Nan always looked the same, until the day she died. A lovely homely, silver-haired lady. She played the piano, which I always thought was special. And what's more, she had a piano in her house and as children we were allowed (sometimes) to tinker on it. I learned to play Chopsticks and Good King Wenceslas on that piano. Nan also had some purple carnival glass dishes in which she served jelly and icecream. At her funeral I asked a younger cousin what she thought of when she thought of carnival glass dishes. Her response - jelly and icecream. The best thing about the icecream was that it was homemade - always tasted ever so much better than most bought icecream at the time.
Nan always wore a pinny, or apron, while she was cooking or doing the housework. She also had her own special stool in the kitchen to sit on while she was peeling vegetables etc. I think Mum still has that stool somewhere.
Pop - what can I say about him? As an adult I now feel that I never got to know Pop as well as I would have liked. I do know I adored him. When I think of Pop, which I do often, I see him sitting in one of two places - in a chair right opposite the door into the kitchen, or in his shed talking to Mr. Waterhouse who lived next door. Pop's shed was a mysterious place, full of gardening implements and paraphanalia and relics from the war. Pop was an avid vegie gardener. The house was on a large block and a good deal of it was given over to his vegie garden. I think he grew flowers like dahlias and gladiolis there too. The front garden was more Nan's domain.

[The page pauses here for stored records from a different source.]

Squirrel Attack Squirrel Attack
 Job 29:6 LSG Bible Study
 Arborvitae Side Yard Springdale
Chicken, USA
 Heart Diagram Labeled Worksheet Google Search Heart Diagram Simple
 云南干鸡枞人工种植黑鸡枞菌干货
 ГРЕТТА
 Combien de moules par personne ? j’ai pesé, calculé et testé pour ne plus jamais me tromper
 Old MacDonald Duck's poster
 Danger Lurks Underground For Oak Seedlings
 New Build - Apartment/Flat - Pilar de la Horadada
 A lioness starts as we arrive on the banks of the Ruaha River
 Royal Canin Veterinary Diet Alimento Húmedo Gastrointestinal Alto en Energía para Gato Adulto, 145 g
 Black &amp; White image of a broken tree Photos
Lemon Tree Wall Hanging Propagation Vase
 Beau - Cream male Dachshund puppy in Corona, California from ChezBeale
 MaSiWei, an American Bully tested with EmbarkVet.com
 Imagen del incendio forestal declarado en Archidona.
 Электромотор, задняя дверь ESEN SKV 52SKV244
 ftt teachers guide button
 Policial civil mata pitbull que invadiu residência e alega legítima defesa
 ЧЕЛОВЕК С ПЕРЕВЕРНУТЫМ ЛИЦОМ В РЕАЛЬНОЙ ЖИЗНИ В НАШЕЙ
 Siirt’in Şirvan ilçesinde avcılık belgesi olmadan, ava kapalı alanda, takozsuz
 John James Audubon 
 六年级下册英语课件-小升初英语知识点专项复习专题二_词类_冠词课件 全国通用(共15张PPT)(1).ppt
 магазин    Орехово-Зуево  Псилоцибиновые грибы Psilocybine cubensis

I always feel that if I had got to know Pop better as I grew older he and I would have had a special connection. But Pop didn't seem to interact with us much when we were children. I remember one day when I was writing in my Memory Book (I wonder whatever happened to that book - I obviously didn't keep it) at the kitchen table and Nan told me that Pop would be very pleased to see how much trouble I was taking over my lettering and handwriting. I can't remember whether Pop was still alive at the time, but I do know that he had the most beautiful copperplate handwriting, and I was so pleased that Nan thought Pop would be pleased.
|Surrey Hills Railway Station|
Pop had some unusual habits. One I particularly remember was his 'breakfast'. It consisted of a raw egg in a glass, which he drank! Yuck!
This is how I remember Pop - this photo was taken in later years. And this is Nan dressed up as Miss Po-land when she was living in the retirement village in Sale.